Bess saw the condition he was in the moment he entered the door, and she endeavoured to turn him aside from her father's room, towards which he was making his way, unsteadily.

The serving-men and maids were about, and a few guests. Comments, unfavourable to Fox, had passed with some freedom, and not inaudibly, relative to his absence on that afternoon. No one desired his presence, and yet the fact of his being away provoked displeasure. It was taken as an insult to those present. That some trouble had fallen on Squire Cleverdon, that his position in Hall was menaced, was generally known and commented on in the house, by guests and servants alike. That Fox had left in connection with this difficulty was admitted but nevertheless not excused.

French was there disposed to make himself merry, with a fund of good stories to scatter among the guests. When Fox appeared, all present, guests and servants, were in jovial mood, having eaten and drunken to their hearts' satisfaction; some were in the passage, some in the dining-room that opened out of it, with the door open. Mr. Cleverdon was with the guests, and when he beheld his son-in-law in the entrance, he started up and came towards him.
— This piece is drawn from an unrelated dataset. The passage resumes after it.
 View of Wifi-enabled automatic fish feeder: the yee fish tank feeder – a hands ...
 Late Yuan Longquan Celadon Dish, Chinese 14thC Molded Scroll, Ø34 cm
Fox saw him at once, and hissed, caught at the side-posts of the door with his left, and pointed jeeringly at the Squire.

"I want to have a talk with you, my plump money-bag,my well-acred Squire father-in-law, and if there are others by, so much the better. It is well that all the world should see the bubble burst. Ha! ha! ha! This is the man who was a little farmer, and pushed himself to become a justice! The little shrivelled toad who would blow himself out to be like an ox. His sides are cracking, mark you!"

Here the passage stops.